Created attachment 1243632 [details]
Description of problem:
mom-vdsm brings vdsmd up on it's own.
It is seems that mom-vdsm is bringing vdsmd up although i stopped vdsmd with systemctl.
Jan 23 16:28:44 orchid-vds1.qa.lab.tlv.redhat.com systemd: Stopping MOM instance configured for VDSM purposes...
Jan 23 16:28:54 orchid-vds1.qa.lab.tlv.redhat.com systemd: Stopped MOM instance configured for VDSM purposes.
Jan 23 16:28:54 orchid-vds1.qa.lab.tlv.redhat.com systemd: Unit mom-vdsm.service entered failed state.
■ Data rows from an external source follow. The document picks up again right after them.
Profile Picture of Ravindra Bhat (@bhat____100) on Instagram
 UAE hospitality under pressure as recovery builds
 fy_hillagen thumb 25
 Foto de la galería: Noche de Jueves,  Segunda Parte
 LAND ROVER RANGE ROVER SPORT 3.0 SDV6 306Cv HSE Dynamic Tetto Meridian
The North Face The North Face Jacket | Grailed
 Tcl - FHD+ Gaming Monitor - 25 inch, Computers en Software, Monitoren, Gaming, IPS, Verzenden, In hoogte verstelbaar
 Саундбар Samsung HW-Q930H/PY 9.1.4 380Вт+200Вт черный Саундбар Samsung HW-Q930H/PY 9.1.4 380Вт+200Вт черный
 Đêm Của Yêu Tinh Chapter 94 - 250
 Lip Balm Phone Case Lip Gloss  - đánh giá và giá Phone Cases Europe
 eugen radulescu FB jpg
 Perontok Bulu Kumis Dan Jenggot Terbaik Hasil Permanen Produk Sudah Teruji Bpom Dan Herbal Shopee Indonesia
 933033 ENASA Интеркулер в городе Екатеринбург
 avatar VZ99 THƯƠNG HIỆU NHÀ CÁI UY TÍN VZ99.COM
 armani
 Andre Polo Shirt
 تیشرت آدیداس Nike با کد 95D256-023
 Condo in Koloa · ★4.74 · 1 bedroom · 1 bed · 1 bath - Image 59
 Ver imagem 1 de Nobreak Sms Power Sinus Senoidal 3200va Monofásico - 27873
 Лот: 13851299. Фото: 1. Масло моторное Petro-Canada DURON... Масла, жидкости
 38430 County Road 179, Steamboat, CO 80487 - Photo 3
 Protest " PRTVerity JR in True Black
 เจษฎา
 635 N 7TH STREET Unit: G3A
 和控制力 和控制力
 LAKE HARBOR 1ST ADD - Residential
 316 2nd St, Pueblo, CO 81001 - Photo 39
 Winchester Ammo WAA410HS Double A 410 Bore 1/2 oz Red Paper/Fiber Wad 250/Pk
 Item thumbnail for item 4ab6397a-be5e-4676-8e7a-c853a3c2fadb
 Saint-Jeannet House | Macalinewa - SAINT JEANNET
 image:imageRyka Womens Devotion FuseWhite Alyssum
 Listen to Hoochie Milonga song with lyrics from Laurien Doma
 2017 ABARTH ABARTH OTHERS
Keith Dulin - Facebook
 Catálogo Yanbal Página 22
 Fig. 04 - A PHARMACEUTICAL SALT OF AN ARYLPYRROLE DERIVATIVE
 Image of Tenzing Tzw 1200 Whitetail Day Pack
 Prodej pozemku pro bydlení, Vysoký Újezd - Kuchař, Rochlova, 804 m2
Jan 23 16:28:54 orchid-vds1.qa.lab.tlv.redhat.com systemd: mom-vdsm.service failed. (expected, we should probably increase the timeout)
Jan 23 16:28:54 orchid-vds1.qa.lab.tlv.redhat.com systemd: Stopping Virtual Desktop Server Manager...
Jan 23 16:28:54 orchid-vds1.qa.lab.tlv.redhat.com systemd: Stopped Virtual Desktop Server Manager.
Jan 23 16:30:03 orchid-vds1.qa.lab.tlv.redhat.com sshd: Accepted publickey for root from 10.35.163.149 port 56318 ssh2: RSA 2c:d8:62:
The host resolves to: mburman-4-upgrade-env.scl.lab.tlv.redhat.com
Jan 23 16:30:04 orchid-vds1.qa.lab.tlv.redhat.com systemd-logind: New session 21 of user root.
Jan 23 16:30:04 orchid-vds1.qa.lab.tlv.redhat.com systemd: Started Session 21 of user root.
Jan 23 16:30:04 orchid-vds1.qa.lab.tlv.redhat.com systemd: Starting Session 21 of user root.
Jan 23 16:30:04 orchid-vds1.qa.lab.tlv.redhat.com sshd: pam_unix(sshd:session): session opened for user root by (uid=0)
Jan 23 16:30:04 orchid-vds1.qa.lab.tlv.redhat.com systemd: Starting Virtual Desktop Server Manager
Version-Release number of selected component (if applicable):
Steps to Reproduce:
1. Stop vdsmd on host using systemctl command
After a minute host comes up and vdsmd is running.
Engine report in the ui event log
Host 10.35.129.22 is non responsive.
Status of host 10.35.129.22 was set to Up.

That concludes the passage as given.